Dans la galerie des glaces déformantes de notre monde médiatique, Lancelin n'omet pas de raconter qu'elle a failli être virée le jour où elle s'est payée la fiole de BHL, victime du canular Botul et qu'à cause d'elle, tout Paris était au courant que l'homme aux chemises blanches était peut être moins érudit qu'il ne le professait... La quinzaine de pages sur BHL est sans conteste la plus grinçante, on y voit Joffrin et tous les autres se prosterner devant BHV, ne jamais risquer de l'égratigner par peur de représailles. C'est sain... La fin du livre est évidemment l'autre passage vomitif du livre. 

Lorsque Lancelin informe ses supérieurs de sa relation avec Frédéric Lordon, le bateau tangue dangereusement. Ne s'agit-il pas d'un dangereux économiste et philosophe comparé à Pol Pot par Alain Finkielkraut ? Si si, c'est bien lui. Quel peut dès lors être l'intégrité de la journaliste ? Notons que la question ne se posait pas quand Anne Fulda du Figaro était avec Nicolas Sarkozy, Christine Ockrent à la tête de France 24 et avec Bernard Kouchner. Là, on sortait les sulfateuses féministes "comment, mais vous doutez de l'indépendance de cette femme ?". Pour Lancelin, pas de bol, la péronnelle risque d'être endoctrinée par Pol Pot... Sinon, comment expliquer qu'elle ne se joigne pas à l'unanimité de la rédaction pour dénoncer des mouvements comme Nuit Debout ? Pourquoi ne soutient-elle pas la Loi Travail ? Elle dévie de la ligne officielle, la bougresse. Dehors. 

Voilà ce qui explique que nous 45ème au classement de la liberté de la presse établi par RSF. Nous sommes dans les choux à cause de l'appartenance de 95% de nos grands médias à 11 milliardaires.
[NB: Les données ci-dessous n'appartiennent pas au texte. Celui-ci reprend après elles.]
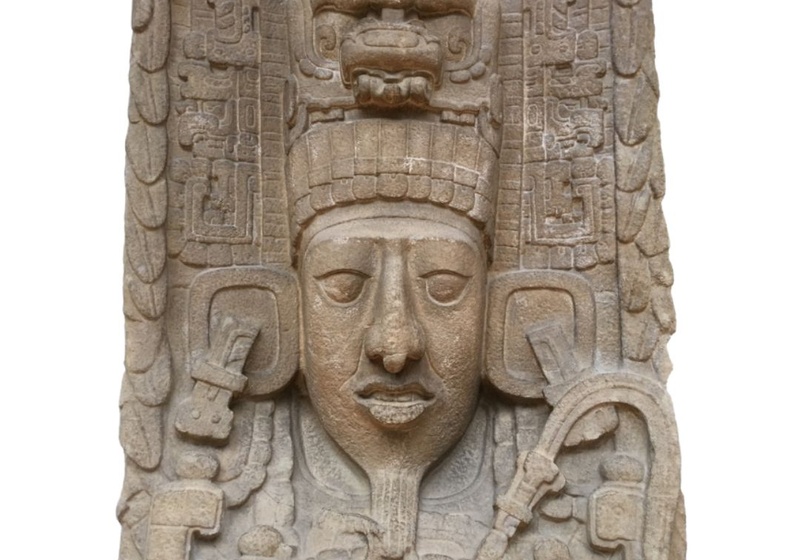 The face of a king which looks like it has been carved from stone. He wears large ear ornaments and a large headdress, which has two plumes of feathers running down the sides.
Pas réjouissant... Comme aux Etats-Unis où on l'on met un couteau sous la gorge des électeurs de gauche en disant Hillary ou la mort, les médias classés à gauche en France entonnent "la ligne libérale Hollande/Valls/Macron ou dehors". Attention à ne pas se laisser effrayer par la critique. Dans une excellente conférence sur l'art contemporain, Frank Lepage montre bien que les huiles de l'art contemporain de marché, celui de Koons et de Hirst mais qui votent socialiste pour l'étiquette, avancent que "toute critique de l'art contemporain est sarkozyste" façon de fermer le ban. De même, toute critique des médias serait populiste et court termiste. Bah non. C'est une nécessité citoyenne. Et Lancelin l'a admirablement fait avec ce livre.